WHAT YOU SHOULD DO:
Restate word for word only the lines from the one with "Sandvik QE 340 Iseliikuvad sõelad" through the end of the records; no pictures belong in the copy.

——

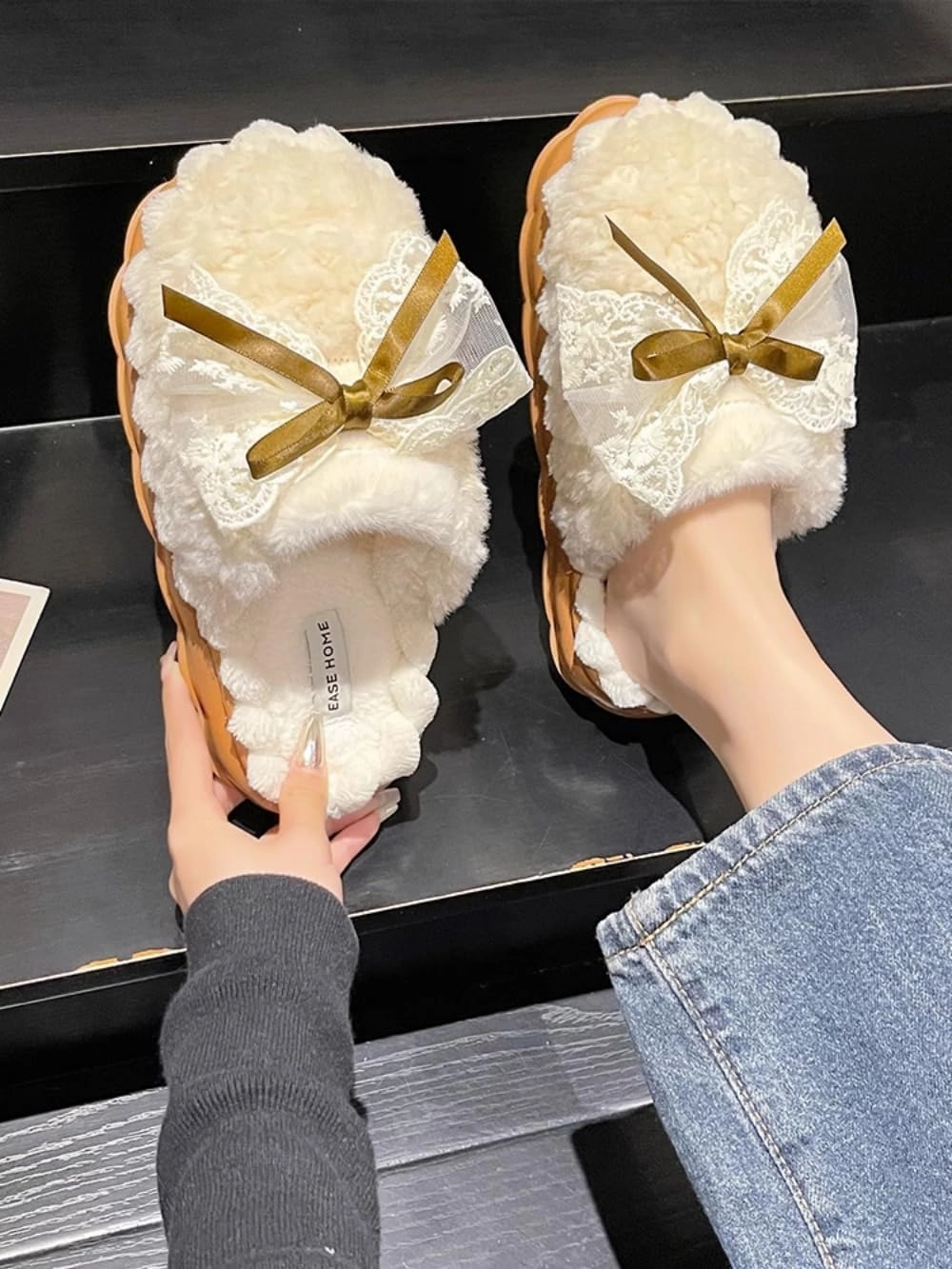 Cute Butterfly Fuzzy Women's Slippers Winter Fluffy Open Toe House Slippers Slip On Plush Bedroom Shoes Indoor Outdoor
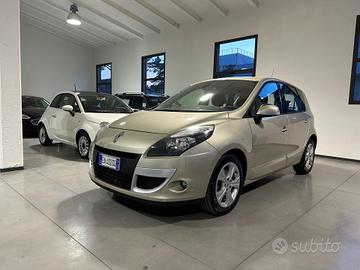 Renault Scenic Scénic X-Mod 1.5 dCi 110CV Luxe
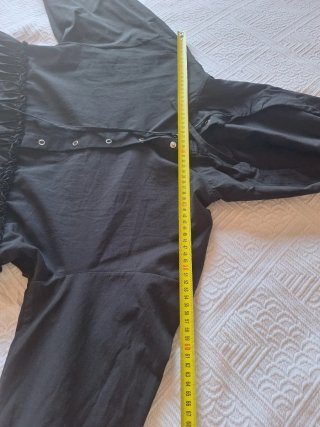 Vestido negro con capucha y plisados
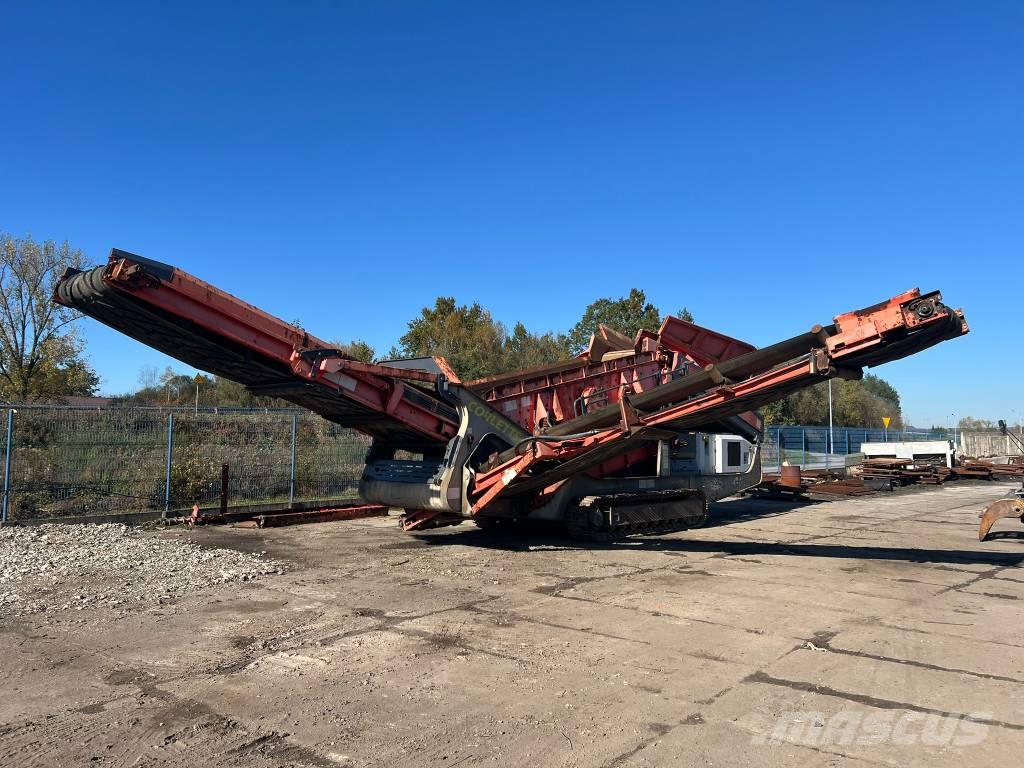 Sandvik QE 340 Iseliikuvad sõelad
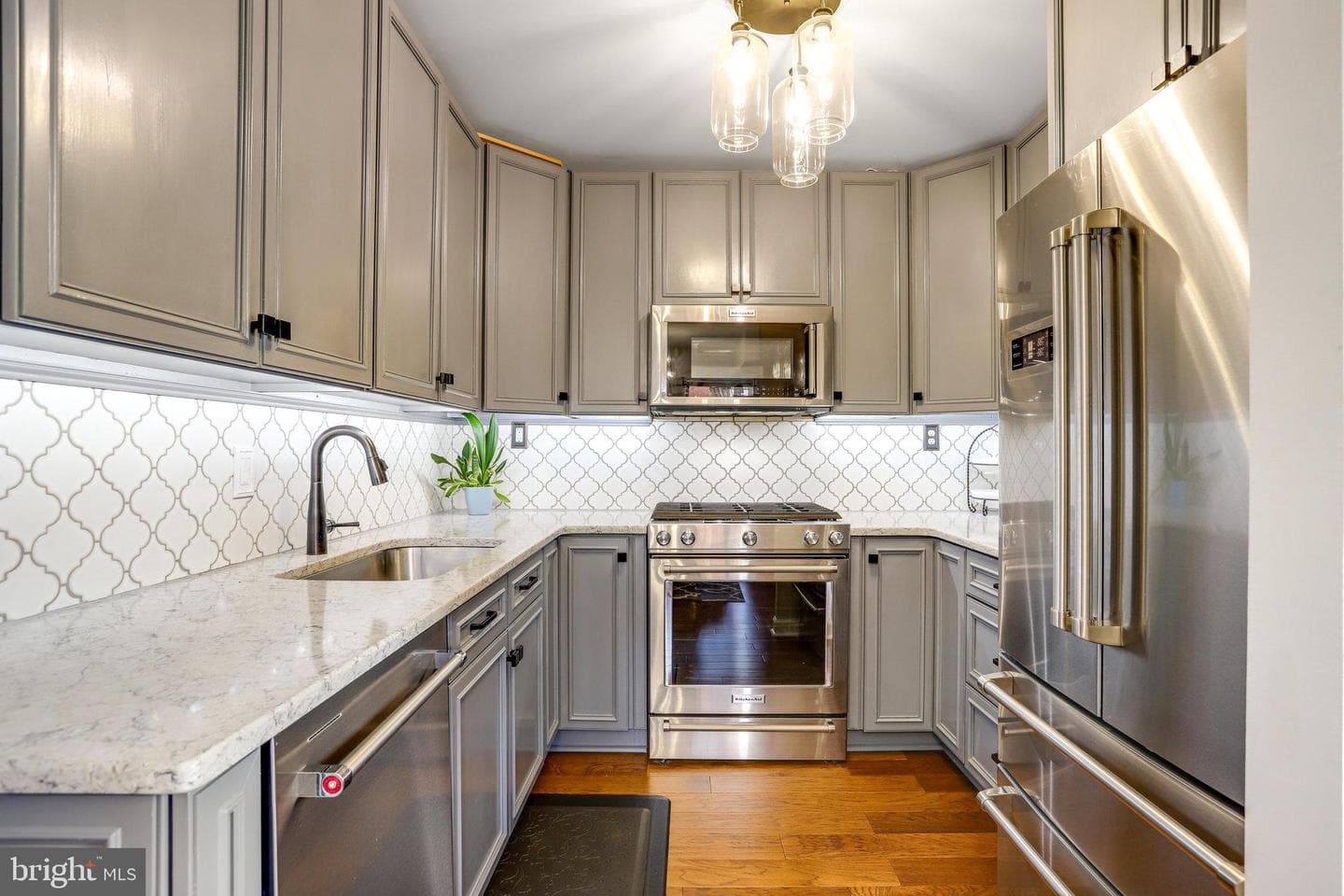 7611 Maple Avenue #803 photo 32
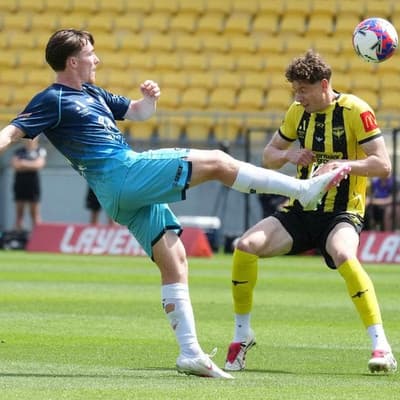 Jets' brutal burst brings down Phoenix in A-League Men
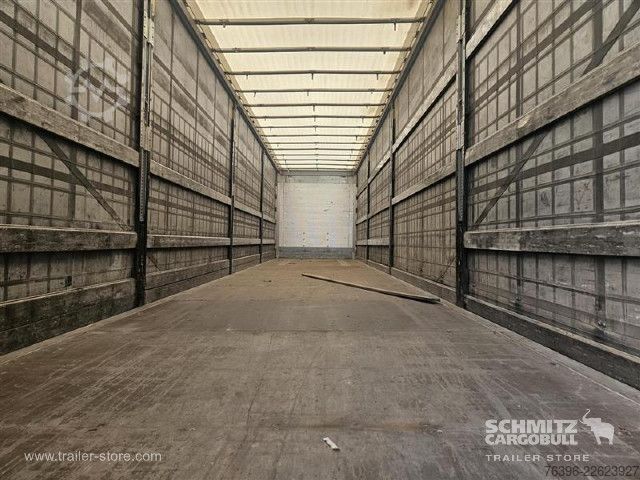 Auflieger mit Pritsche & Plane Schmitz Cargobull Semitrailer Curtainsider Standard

——

SOLUTION TO THE EXERCISE:
 Sandvik QE 340 Iseliikuvad sõelad
 7611 Maple Avenue #803 photo 32
 Jets' brutal burst brings down Phoenix in A-League Men
 Auflieger mit Pritsche & Plane Schmitz Cargobull Semitrailer Curtainsider Standard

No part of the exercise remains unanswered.